▶ _PROBLEM STATEMENT_
Could you write out, exactly, every line from the top of the data through the line holding "The second formula"? Omit the pictures.

▶ _DATASET CONTENT_
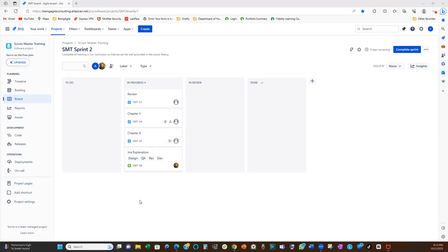So today, I'm going to show us how to set up work limits in Jira. That is how to set up work in progress limits in Jira.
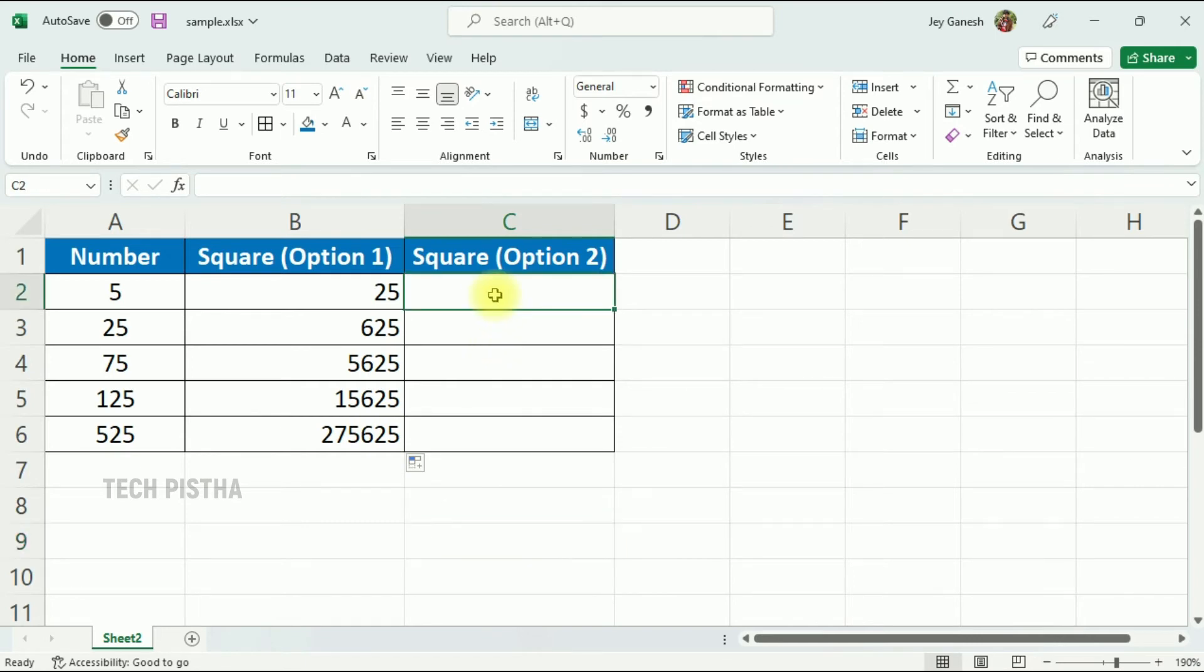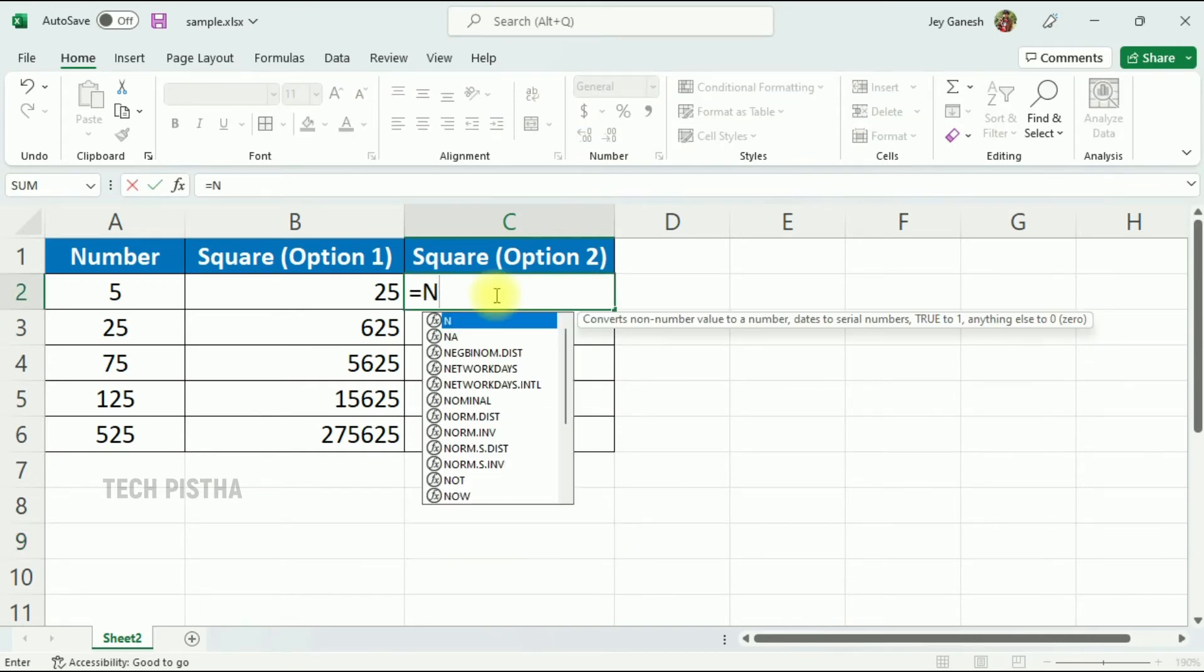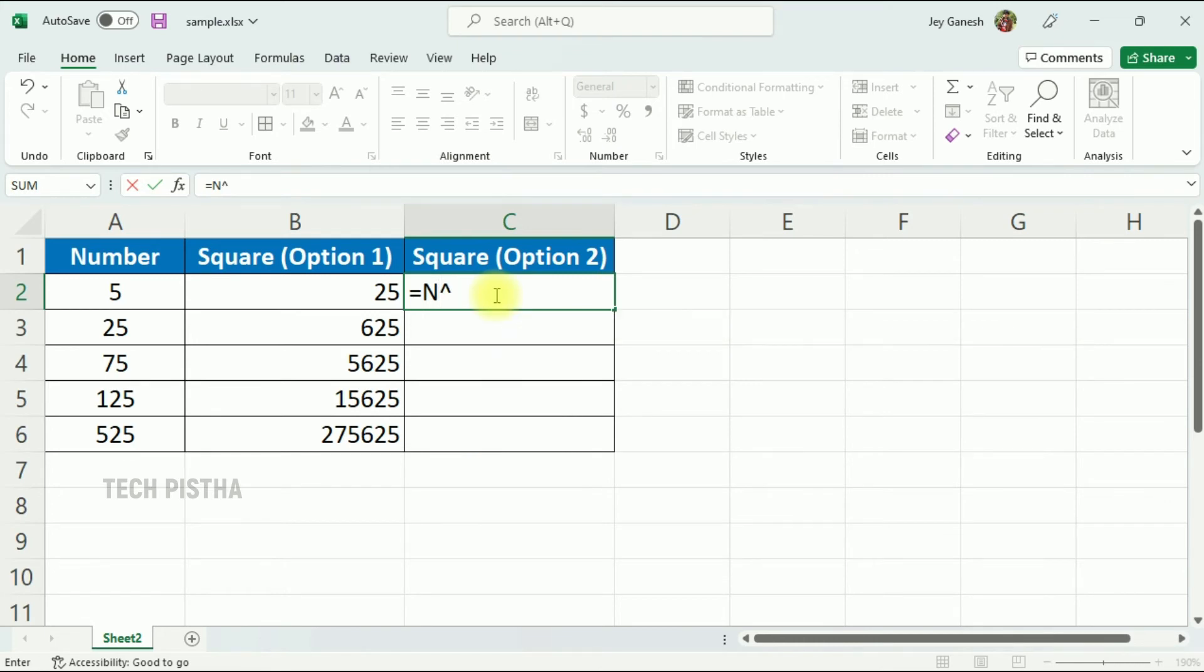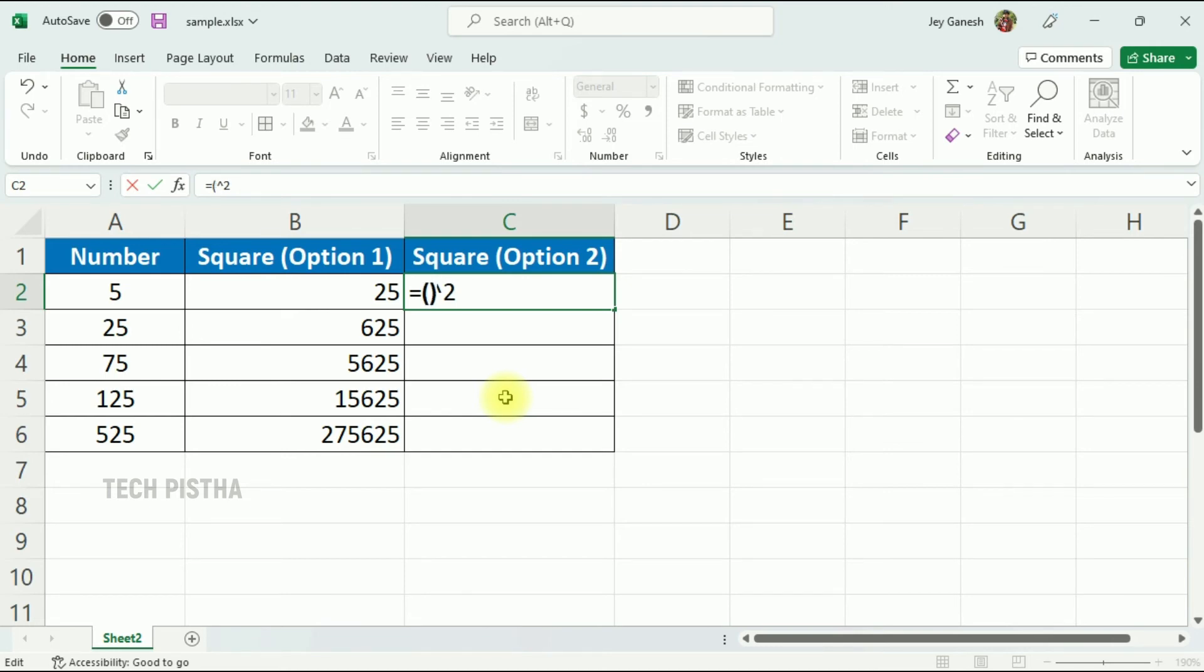The second formula is: add equal to N, then add the caret symbol, then enter two. Here the N means number, so we replace N by selecting the cell. That means delete the N and select the cell you would like to square.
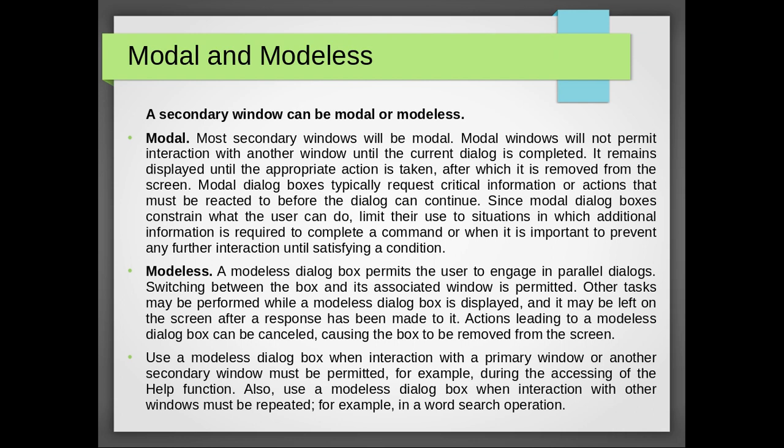Use modeless dialog box when interaction with a primary window or another secondary window must be permitted, for example during accessing of the help function. Also, use modeless dialog box when interaction with other windows must be repeated, for example in word search operation.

▶ _OUTPUT OF THE EXERCISE_
So today, I'm going to show us how to set up work limits in Jira. That is how to set up work in progress limits in Jira.
The second formula is: add equal to N, then add the caret symbol, then enter two. Here the N means number, so we replace N by selecting the cell. That means delete the N and select the cell you would like to square.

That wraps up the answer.